# MS Excel 2007 doesn't trust winsock controls



## ColdBear (May 20, 2009)

I recently updated to Excel 2007 (SP2). Something strange happened when I tried to open a macro that I’d written in Excel 2003: The winsock controls had disappeared off the user form. When I tried to add a MS Winsock Control (version 6) back into the form, an error popped up: “The subject is not trusted for the specified action.” That’s where I’m stuck, nothing google drags up seems to help. The macro editor is using MS Visual Basic 6.5. 
Please Help! Its driving me nuts!

Thanks,
Daniel


----------



## Earlymeadow (Aug 26, 2009)

I found the solution for office 2003, I hope it works for 2007 

Change the following key in the registry (start - run, regedit)

HKEY_LOCAL_MACHINE\SOFTWARE\Microsoft\Internet Explorer\ActiveX Compatibility\{248DD896-BB45-11CF-9ABC-0080C7E7B78D}

"Compatibility Flags"=dword:00000000

This disables killbits for the winsock control. Should you wish to use other controls (activeX) in excel (or any other ofice product for that matter), search the class id for that control and chech it's flags in this registry key. 
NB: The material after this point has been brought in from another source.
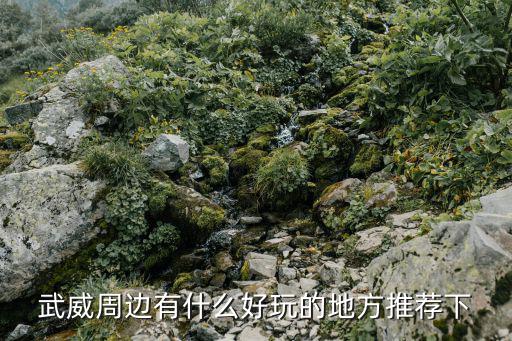 武威附近有哪些旅游景區(qū)，武威旅游景點有哪些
I found the solution here:
http://groups.google.com/group/micr...read/thread/3ef04a2f2a8cef1e/76252635e022bb41

Greetings,

Peter.


----------



## Kathy Lee (Jul 20, 2009)

Every time I press *Ctrl+s *the followowing error pops up in a single Excel file. How can I get rid of it? It only happens to one single file. I am not sure what I have done to this file.


----------



## ColdBear (May 20, 2009)

Thanks Earlymeadow!! Works like a charm! With the Killbit set, the winsock icons are gone, with the killbit deleted, the icons reappear! 
Many thanks!!


----------